# What the task requires:
The lines from the one containing "Мод Звездная ночь для American Tru..." through the final line of the data below must be written out exactly, both included, and nothing more.

(Information given)

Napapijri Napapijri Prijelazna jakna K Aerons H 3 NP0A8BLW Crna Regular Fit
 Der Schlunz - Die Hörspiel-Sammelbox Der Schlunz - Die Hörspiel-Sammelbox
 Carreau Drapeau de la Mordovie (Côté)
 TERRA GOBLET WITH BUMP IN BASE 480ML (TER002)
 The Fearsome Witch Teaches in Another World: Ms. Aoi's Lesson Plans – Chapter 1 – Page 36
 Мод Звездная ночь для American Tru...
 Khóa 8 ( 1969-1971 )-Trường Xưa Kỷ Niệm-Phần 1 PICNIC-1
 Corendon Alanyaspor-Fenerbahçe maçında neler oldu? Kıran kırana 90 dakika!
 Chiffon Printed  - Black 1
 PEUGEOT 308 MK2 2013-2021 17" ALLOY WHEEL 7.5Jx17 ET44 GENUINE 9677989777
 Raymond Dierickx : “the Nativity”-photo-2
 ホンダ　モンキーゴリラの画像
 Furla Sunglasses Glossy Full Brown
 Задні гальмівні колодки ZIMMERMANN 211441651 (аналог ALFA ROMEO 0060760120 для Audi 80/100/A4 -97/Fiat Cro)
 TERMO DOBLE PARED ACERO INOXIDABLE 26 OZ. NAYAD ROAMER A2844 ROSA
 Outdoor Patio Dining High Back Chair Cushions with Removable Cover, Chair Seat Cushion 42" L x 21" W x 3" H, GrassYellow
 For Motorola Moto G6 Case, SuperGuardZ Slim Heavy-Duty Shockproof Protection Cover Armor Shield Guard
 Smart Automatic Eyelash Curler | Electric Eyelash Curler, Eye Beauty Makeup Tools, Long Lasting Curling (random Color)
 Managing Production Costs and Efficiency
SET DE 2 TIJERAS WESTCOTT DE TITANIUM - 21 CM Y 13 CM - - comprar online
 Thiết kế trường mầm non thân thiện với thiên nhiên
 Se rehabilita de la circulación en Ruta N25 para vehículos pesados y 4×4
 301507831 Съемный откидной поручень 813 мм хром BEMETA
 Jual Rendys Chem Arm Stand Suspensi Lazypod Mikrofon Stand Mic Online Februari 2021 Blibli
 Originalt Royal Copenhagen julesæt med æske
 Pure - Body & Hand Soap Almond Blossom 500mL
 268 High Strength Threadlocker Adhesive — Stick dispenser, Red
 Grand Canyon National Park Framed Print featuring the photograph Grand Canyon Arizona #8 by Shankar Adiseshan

(End Information given)

# Answer:
 Мод Звездная ночь для American Tru...
 Khóa 8 ( 1969-1971 )-Trường Xưa Kỷ Niệm-Phần 1 PICNIC-1
 Corendon Alanyaspor-Fenerbahçe maçında neler oldu? Kıran kırana 90 dakika!
 Chiffon Printed  - Black 1
 PEUGEOT 308 MK2 2013-2021 17" ALLOY WHEEL 7.5Jx17 ET44 GENUINE 9677989777
 Raymond Dierickx : “the Nativity”-photo-2
 ホンダ　モンキーゴリラの画像
 Furla Sunglasses Glossy Full Brown
 Задні гальмівні колодки ZIMMERMANN 211441651 (аналог ALFA ROMEO 0060760120 для Audi 80/100/A4 -97/Fiat Cro)
 TERMO DOBLE PARED ACERO INOXIDABLE 26 OZ. NAYAD ROAMER A2844 ROSA
 Outdoor Patio Dining High Back Chair Cushions with Removable Cover, Chair Seat Cushion 42" L x 21" W x 3" H, GrassYellow
 For Motorola Moto G6 Case, SuperGuardZ Slim Heavy-Duty Shockproof Protection Cover Armor Shield Guard
 Smart Automatic Eyelash Curler | Electric Eyelash Curler, Eye Beauty Makeup Tools, Long Lasting Curling (random Color)
 Managing Production Costs and Efficiency
SET DE 2 TIJERAS WESTCOTT DE TITANIUM - 21 CM Y 13 CM - - comprar online
 Thiết kế trường mầm non thân thiện với thiên nhiên
 Se rehabilita de la circulación en Ruta N25 para vehículos pesados y 4×4
 301507831 Съемный откидной поручень 813 мм хром BEMETA
 Jual Rendys Chem Arm Stand Suspensi Lazypod Mikrofon Stand Mic Online Februari 2021 Blibli
 Originalt Royal Copenhagen julesæt med æske
 Pure - Body & Hand Soap Almond Blossom 500mL
 268 High Strength Threadlocker Adhesive — Stick dispenser, Red
 Grand Canyon National Park Framed Print featuring the photograph Grand Canyon Arizona #8 by Shankar Adiseshan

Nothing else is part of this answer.